§ **AIM OF THE TASK**: The whole listing below should be retyped exactly, without any images.

** SOURCE DATA follows **

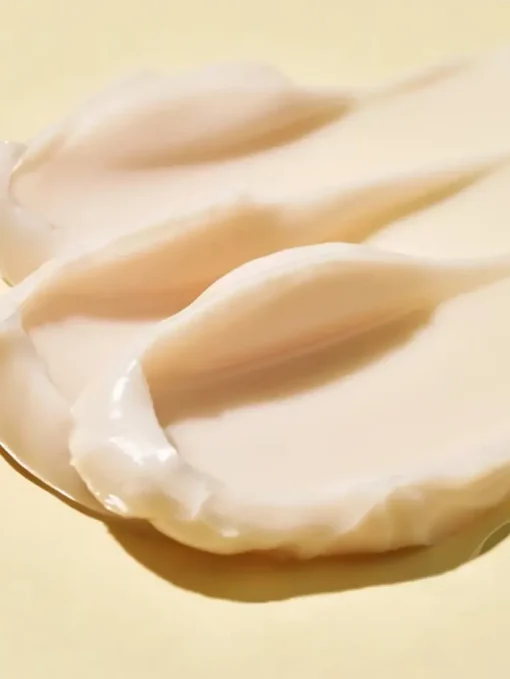 Dr. Jart+ Ceramidin Ectoin-Infused Cream | MECCA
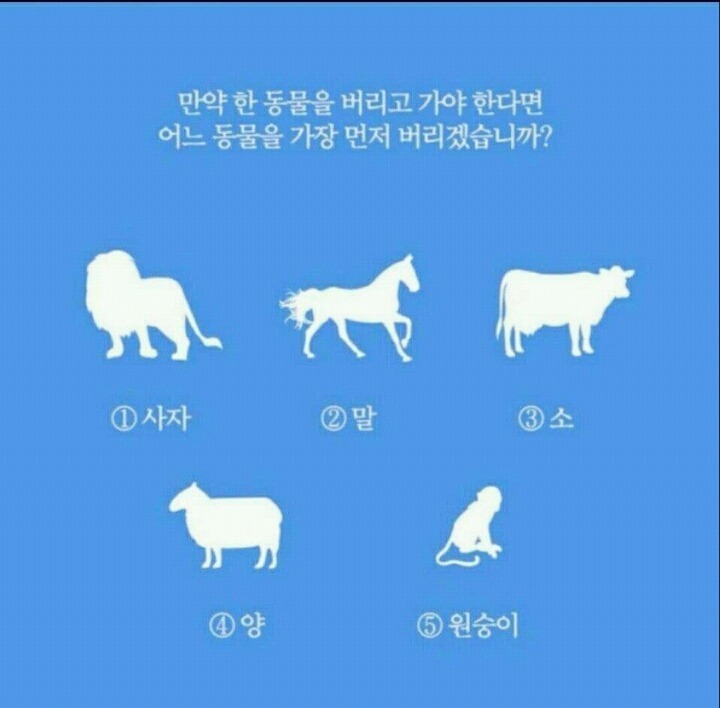 심리테스트 | 인스티즈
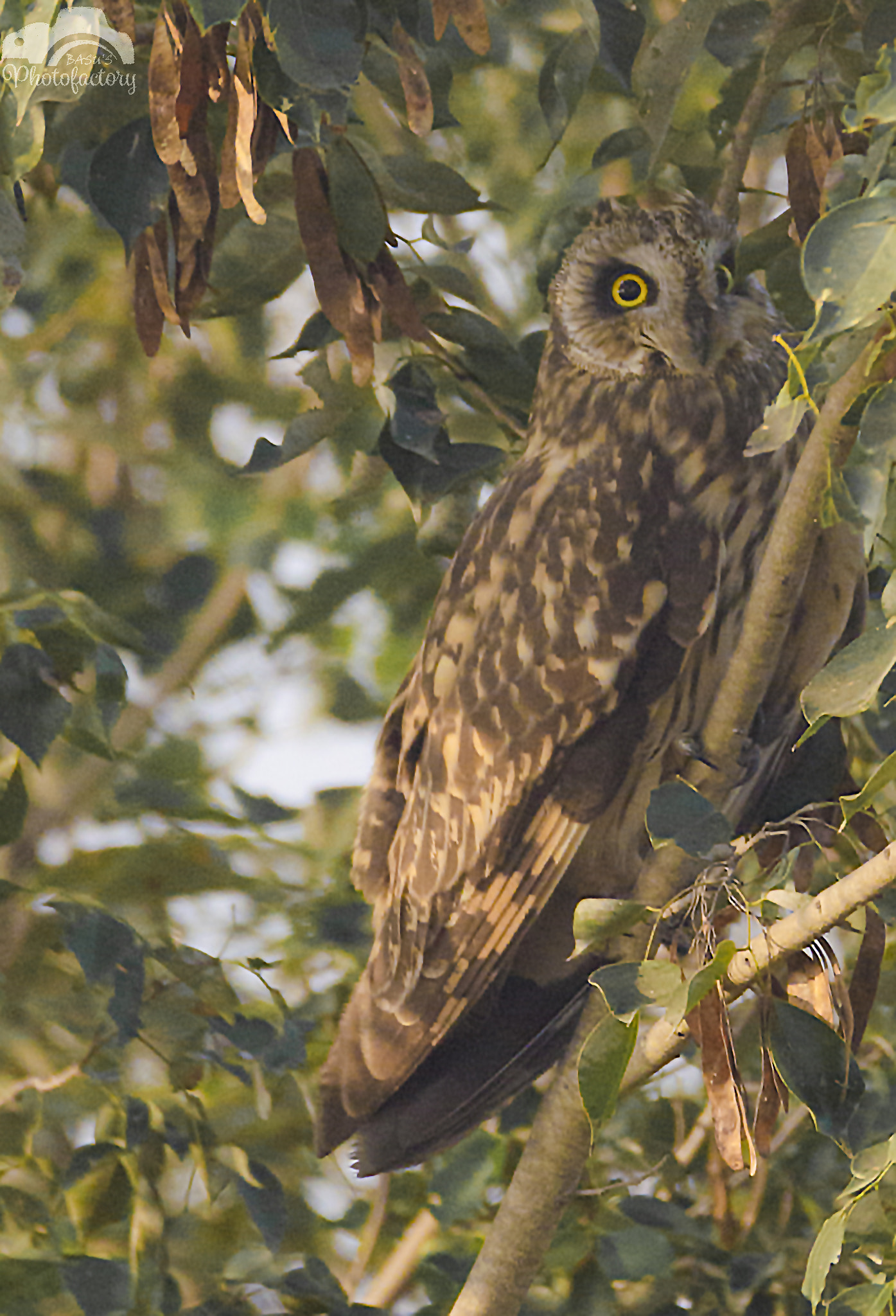 Sigma 150-600mm F5-6.3 DG OS HSM | C sample photo. Short eared owl photography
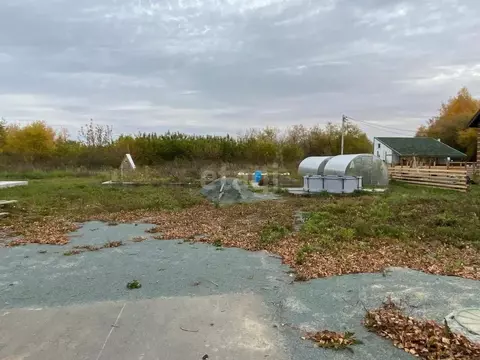 Участок в Новосибирская область, Новосибирский район, Морской ...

** End of SOURCE DATA **

§ **EXPECTED ANSWER**:
 Dr. Jart+ Ceramidin Ectoin-Infused Cream | MECCA
 심리테스트 | 인스티즈
 Sigma 150-600mm F5-6.3 DG OS HSM | C sample photo. Short eared owl photography
 Участок в Новосибирская область, Новосибирский район, Морской ...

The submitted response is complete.